Similar in nature to AUIs, Context-Aware Systems [5, 9] employ the user's physical situation, goals, and experience, as well as the system's capabilities to inform action. These systems can recognize and handle repetitive, work-intensive subtasks to allow users to do less to accomplish their goals. Unlike AUIs, user attention is not the primary criterion to determine user context. For example, the Universal Plug (Figure 3) is a tool capable of functioning in several contexts, without any knowledge of the user's activities. When the plug is pressed against a power outlet anywhere in the world, it automatically selects the correct power and voltage. The correct prongs enter the outlet, while the others retract without any user intervention. Being a tool, the plug does not vie for user attention, thus the attentive status of the user is not required to use the plug. The difference between AUIs and Context-Aware Interfaces is that context is always dominated by user attention in an AUI framework.

Back to Top

Prototypes that Sense Attention

Here, we introduce some of the prototypes recently developed at Queen's University and MIT. We begin our discussion by presenting novel attention sensors. To enable a seamless turn-taking process between humans and groups of computers, devices must also communicate attention for the user. Using scenarios, we will illustrate the application of attention sensors in appliances that reason about attentive input and, in turn, convey their own attention.

The first attention sensor is Eye aRe (Figure 4), a simple eye movement detection system. Eye aRe glasses report whether the user is looking in the direction of another device or user, augmented with Eye aRe capabilities. Eye aRe detects both pauses in the user's eye movements and light emitted from other Eye aRe devices. Software determines when the user blinks in order to detect aspects of the user's cognitive load, for example, stress and fatigue levels.

Our second attention sensor, eyeCONTACT (Figure 5a), is based on the IBM PupilCam [7]. It consists of a camera that uses computer vision to find pupils in its field of view and detect when users look at the sensor. Unlike most commercially available eye trackers, eyeCONTACT is inexpensive, unobtrusive, tolerant to user head movement, and requires no calibration.

By embedding eyeCONTACT sensors in household appliances and other digital devices we designed eyePLIANCES, which explore gradual turn taking between humans and attentive appliances. By looking at an eyePLIANCE a user conveys attention for the device, which is used to regulate communications. A user interacts with the device with speech commands, or by using remote or manual controls. Figure 5b shows the simplest form of an eyePLIANCE, an attentive light fixture. A user can switch the light on or off by simply saying "on" or "off" while looking at the fixture. By having only one device listen at a time, speech recognition is simplified as generic terms such as "on" and "off" can be reused for different devices. Our experiences indicate that eyeCONTACT sensors, as pointing devices for the real world, make it easier to communicate the target of remote interactions.

Back to Top

Negotiating User Attention

In environments with many attention-sensing appliances, AUIs need a dynamic model of the user's attentive context to establish a turn-taking process.
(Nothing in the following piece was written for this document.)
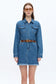 BAYEAS The Resa Denim Shirt Dress in Medium Blue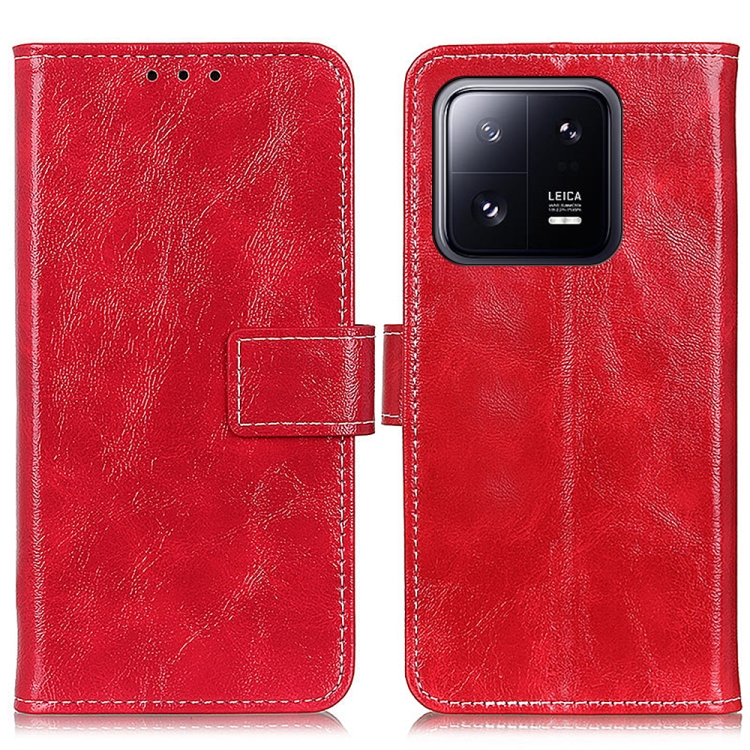  Xiaomi 13 Pro 5G Fodral Crazy Horse Retro Läder Röd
This context includes which task, device, or person the user is paying attention to, the importance of that task, and the preferred communication channel to contact the user. eyeREASON is a personalized communications server that negotiates all remote interactions between a user and attentive devices by keeping track of the user's attentive context. Appliances report to the server when they sense a user is paying attention to them. eyeREASON uses this information to determine when and how to relay messages from appliances to the user. This is accomplished using knowledge of what communication channels are occupied, and the priority of the message relative to the tasks the user is engaged in [3]. All speech communication between user and appliances is processed through a wireless headset by a speech recognition and production system on the server. As the user works with various devices, eyeREASON switches its vocabulary to the lexicon of the focus device, sending commands through that device's I/O channels.


To design less intrusive and more sociable interfaces, we suggest augmenting computing devices with attention sensors that allow the devices to prioritize their demands for user attention.


The following scenario illustrates interactions of a user with various eyePLIANCES through eyeREASON. It shows how an awareness of the user's attentive context may facilitate graceful turn taking between users and remote ubiquitous devices.

Alex enters his living room, which reports his presence to his eyeREASON server. He turns on his television, which has live-pausing capability (Figure 5c). The television is augmented with an eyeCONTACT sensor, which notifies the server that it is being watched. The eyeREASON server updates the visual and auditory interruption levels of all people present in the living room. Alex goes to the kitchen to get himself a cold drink from his attentive fridge, which is augmented with a radio tag reader. As he enters the kitchen, his interruption levels are adjusted appropriate to his interactions with devices in the kitchen. In the living room, the TV pauses because its eyeCONTACT sensor reports that no one is watching. Alex queries his attentive fridge and finds there are no cold drinks within. He gets a bottle of soda from a cupboard in the kitchen and puts it in the freezer compartment of the fridge. Informed by the radio tag on the bottle, the fridge estimates the amount of time it will take for the bottle to freeze and break. It records Alex's tag and posts a notification with a timed priority level to his eyeREASON server.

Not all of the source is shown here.